Friday, March 2, 2007

Grocery Shopping on the Web

This Thursday — yesterday — we received a flyer in the mail from Von’s (a western chain of grocery stores that’s part of the Safeway grocery conglomerate). The flyer spoke glowingly of Von’s new web store, and how one could order anything you’d like from the grocery store and have it delivered to your home even that same day.

Do you remember PeaPod and WebVan from the dot-com days? This was their premise as well, and after squandering vast quantities of venture capital, these fine companies went out of business. They never did deliver to rural areas, either — you had to live quite close to their distribution warehouses to be eligible to use their services. We live in a veryrural// area, about 20 miles from the nearest Von’s — and probably a lot further from their warehouse, where I suspect these delivery vans are being dispatched from.

But the Von’s flyer said they covered San Diego County (amongst many other areas). Not “the popular parts” of the county, not “selected areas” — the inference was that they covered all of San Diego County. So I decided to put it to the test. On Thursday afternoon I went to their web site, created an account, and was pleasantly surprised when no apologetic “Sorry, but we don’t serve your area” page popped up when I entered my address. The web site just accepted it as though I lived in some normal area, and invited me to enter my grocery list. Which I did — some $220 worth of groceries of all kinds, which is most of a month’s groceries for my wife and myself.

During the checkout phase, I discovered that I had a choice of delivery times — and for $9.95 I could have a two hour delivery window, as opposed to $7.95 for a four hour delivery window. Actually, both of those sounded good to me — living out here in the boonies, we’re used to delivery windows expressed in days, not hours! For any order over $150, they knock off $5 from the delivery charge — and for the first order, as a promotion, the delivery was free. So I signed up for a Friday delivery (the next day) with a two hour window from 10 AM to 12 PM.

This morning, I fully expected to get either an email or a telephone call telling me that I was outside the service area and I could just forget about it. So sorry, but if you’re so dumb as to live 20 miles from a grocery store then surely you can’t expect us to deliver to you!

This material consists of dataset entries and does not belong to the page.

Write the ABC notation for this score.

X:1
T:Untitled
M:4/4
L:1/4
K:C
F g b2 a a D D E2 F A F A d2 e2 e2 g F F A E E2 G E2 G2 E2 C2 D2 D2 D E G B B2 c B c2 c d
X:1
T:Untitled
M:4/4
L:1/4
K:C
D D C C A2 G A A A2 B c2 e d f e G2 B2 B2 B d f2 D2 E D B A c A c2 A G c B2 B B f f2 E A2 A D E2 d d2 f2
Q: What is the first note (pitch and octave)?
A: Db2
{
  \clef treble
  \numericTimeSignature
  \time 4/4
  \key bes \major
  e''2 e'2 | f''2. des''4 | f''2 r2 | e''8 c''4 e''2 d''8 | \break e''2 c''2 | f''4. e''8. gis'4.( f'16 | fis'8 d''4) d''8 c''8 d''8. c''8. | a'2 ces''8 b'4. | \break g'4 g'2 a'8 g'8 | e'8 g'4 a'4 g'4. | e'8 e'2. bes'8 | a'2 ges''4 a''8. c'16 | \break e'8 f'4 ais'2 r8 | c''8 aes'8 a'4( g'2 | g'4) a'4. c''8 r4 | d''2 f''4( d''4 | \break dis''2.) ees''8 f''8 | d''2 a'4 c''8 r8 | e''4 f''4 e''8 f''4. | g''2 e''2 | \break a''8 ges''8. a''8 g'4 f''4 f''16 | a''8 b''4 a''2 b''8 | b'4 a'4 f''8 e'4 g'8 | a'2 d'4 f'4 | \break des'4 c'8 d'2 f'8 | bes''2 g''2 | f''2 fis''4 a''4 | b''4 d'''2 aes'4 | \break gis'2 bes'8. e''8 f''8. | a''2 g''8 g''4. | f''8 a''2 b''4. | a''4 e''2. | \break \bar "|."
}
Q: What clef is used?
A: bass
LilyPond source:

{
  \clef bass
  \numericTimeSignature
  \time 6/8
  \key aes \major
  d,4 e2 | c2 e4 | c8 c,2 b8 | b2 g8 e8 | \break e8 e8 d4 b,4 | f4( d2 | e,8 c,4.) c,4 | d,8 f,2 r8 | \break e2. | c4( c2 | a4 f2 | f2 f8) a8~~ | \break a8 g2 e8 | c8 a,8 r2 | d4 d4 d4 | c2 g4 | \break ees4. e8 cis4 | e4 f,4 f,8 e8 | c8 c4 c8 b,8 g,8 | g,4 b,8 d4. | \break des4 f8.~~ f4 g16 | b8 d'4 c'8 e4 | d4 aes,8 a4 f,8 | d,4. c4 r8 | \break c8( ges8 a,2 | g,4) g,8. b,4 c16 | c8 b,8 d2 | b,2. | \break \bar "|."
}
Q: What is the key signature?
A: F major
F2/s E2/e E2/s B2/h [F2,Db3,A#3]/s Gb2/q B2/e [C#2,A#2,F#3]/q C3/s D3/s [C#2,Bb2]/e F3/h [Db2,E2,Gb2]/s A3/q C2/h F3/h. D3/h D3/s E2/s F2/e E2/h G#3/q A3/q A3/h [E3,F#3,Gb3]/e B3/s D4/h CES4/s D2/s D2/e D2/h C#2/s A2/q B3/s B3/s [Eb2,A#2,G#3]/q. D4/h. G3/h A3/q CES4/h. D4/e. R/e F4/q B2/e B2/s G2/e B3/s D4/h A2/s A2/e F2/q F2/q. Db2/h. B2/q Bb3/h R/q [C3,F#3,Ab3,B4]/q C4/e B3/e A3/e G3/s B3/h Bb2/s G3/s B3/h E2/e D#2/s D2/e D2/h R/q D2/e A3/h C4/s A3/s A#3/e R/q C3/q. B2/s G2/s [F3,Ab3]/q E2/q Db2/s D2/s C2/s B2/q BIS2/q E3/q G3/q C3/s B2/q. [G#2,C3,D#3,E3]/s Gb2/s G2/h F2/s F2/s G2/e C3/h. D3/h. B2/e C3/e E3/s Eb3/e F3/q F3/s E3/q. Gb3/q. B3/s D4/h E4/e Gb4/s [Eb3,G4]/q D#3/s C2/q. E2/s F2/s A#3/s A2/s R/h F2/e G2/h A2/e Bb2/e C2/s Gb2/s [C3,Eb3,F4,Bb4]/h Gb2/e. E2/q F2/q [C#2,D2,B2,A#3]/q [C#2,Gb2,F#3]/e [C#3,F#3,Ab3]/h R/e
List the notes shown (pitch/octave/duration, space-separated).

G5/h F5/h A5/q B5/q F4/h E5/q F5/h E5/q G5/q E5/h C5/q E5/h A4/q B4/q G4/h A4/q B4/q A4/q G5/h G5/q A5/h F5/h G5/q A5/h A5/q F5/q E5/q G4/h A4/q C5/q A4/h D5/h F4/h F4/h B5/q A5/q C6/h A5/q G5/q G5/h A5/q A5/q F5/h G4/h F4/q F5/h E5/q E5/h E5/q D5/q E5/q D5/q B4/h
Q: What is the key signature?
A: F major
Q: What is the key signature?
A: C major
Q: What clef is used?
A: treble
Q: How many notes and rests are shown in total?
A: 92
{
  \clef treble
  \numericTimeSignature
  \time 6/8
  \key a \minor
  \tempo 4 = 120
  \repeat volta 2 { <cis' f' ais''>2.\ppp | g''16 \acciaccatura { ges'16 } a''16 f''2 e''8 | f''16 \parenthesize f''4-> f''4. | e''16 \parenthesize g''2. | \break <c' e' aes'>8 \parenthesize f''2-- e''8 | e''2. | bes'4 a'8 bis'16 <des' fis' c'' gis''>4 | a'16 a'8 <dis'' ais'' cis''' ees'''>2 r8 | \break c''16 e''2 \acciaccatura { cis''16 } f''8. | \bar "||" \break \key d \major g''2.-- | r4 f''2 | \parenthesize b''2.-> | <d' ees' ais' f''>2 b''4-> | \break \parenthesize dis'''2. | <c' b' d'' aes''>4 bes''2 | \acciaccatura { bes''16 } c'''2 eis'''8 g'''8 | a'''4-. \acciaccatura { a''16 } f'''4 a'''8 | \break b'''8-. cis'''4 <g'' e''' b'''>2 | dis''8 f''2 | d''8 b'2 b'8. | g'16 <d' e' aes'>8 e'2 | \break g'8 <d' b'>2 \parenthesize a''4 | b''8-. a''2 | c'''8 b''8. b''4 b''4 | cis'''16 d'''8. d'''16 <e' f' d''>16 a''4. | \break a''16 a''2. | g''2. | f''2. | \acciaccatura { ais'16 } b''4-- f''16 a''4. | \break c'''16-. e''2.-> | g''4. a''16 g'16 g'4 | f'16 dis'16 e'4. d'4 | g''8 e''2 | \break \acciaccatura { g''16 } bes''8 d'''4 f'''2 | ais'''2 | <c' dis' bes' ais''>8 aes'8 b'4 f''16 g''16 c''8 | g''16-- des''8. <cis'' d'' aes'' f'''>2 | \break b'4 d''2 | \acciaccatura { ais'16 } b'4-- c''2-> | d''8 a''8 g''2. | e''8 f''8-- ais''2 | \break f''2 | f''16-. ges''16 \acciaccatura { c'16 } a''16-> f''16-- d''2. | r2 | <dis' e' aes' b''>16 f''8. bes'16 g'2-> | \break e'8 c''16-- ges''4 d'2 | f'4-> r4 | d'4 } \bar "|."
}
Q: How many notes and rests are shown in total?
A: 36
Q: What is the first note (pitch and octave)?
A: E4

And sure enough, at 11:30 AM I got a call from Von’s. But it wasn’t the call I was expecting. Instead, it was the driver of the delivery van, telling me that (a) he was running about 20 or 30 minutes late, and (b) he had no frickin' idea where I lived, and could I please give him so directions. This had me thoroughly flustered, as I really didn’t believe there was much chance they’d really deliver my groceries. But here I had a real, live (and very polite) driver telling me that yes indeedy he’d be out here in less than an hour.

And at 12:20 the delivery van pulled into my driveway. The driver was every bit as polite in person as he was on the phone, and he proceeded to show me how it the delivery part all worked. My order was in five blue plastic bins: three in the unrefrigerated section, one in the refrigerator, and one in the freezer. He stacked them all up on a cart, wheeled them to my front door, and then helped me bring them all into the house. All my groceries were in the same shopping bags they’d have been in had I done the shopping myself. In just a couple of minutes, all my groceries were in the house and I said goodbye to my delivery guy.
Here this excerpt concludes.